In this manner, the national interest is regularly subordinated to partisan point-scoring. This partisanship adversely affects the making of sensible economic and foreign policies, and, perhaps even more, attempts at restoring peace between regions and communities. In 2003, Vajpayee visited Srinagar, the first prime minister to do so in nearly two decades. In power in the state was a government run as a coalition by the Peoples Democratic Party and the Congress. When Vajpayee made a public speech, the PDP ministers attended, but the Congress ministers stayed away. It was a shocking and spiteful act. For Vajpayee had come to Kashmir not in his personal capacity as a swayamsevak, but as the elected prime minister of India.
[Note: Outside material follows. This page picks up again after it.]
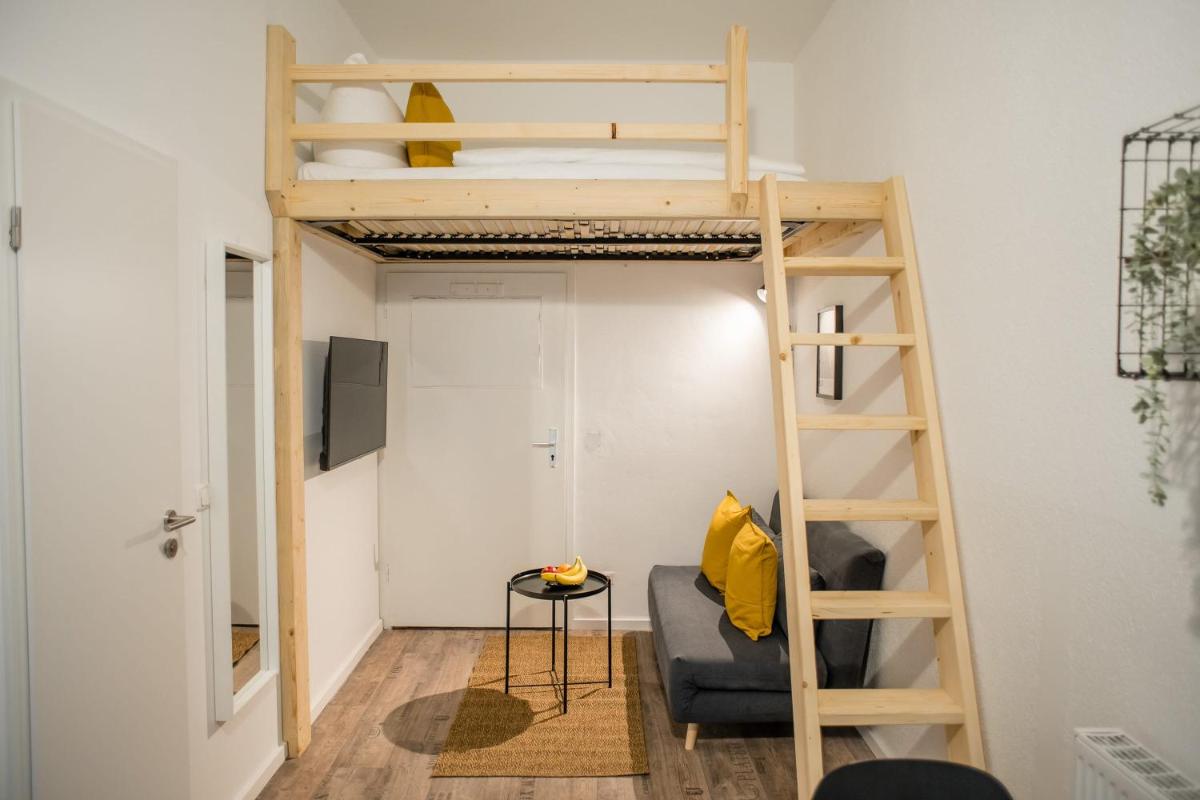 111 Cosy Box for 3 x - Housity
Five years later it was the turn of the BJP to be spiteful in (and about) Kashmir. Talks were on between the prime minister, Manmohan Singh, and the Pakistani president (then Pervez Musharraf). A peace agreement, based on the conversion of the line of control into a formal boundary between the two nations, was being actively discussed. At this critical juncture, the BJP and its affiliates began an agitation on the Amarnath issue, going so far as to block the road between Jammu and Srinagar. The valley was deprived for days of medicines, food, and other supplies. By this act the BJP was telling the Kashmiris — we don’t care if you starve or die, so long as we score a point against the Congress.
That neither Vajpayee nor Sonia Gandhi would consider Nanaji Deshmukh’s appeal in 2002 was, therefore, also in character. Deshmukh said in despair that “neither the Prime Minister nor the Leader of the Opposition took the initiative either to stop the riots [in Gujarat] or to go there because these parties do not join hands for the good of the country nor do they allow the social unity”.
Call me naïve, call me foolish, but I still hope that when the next major conflict arrives, a younger generation of leaders may be prepared to act more nobly, courageously and selflessly. Even now, it may not be too late for Rahul Gandhi to phone Arun Jaitley and suggest that they go together on a mission (with doctors and medical supplies) to Kokrajhar. God knows the displaced and homeless — of all communities — need succour, consolation, and hope.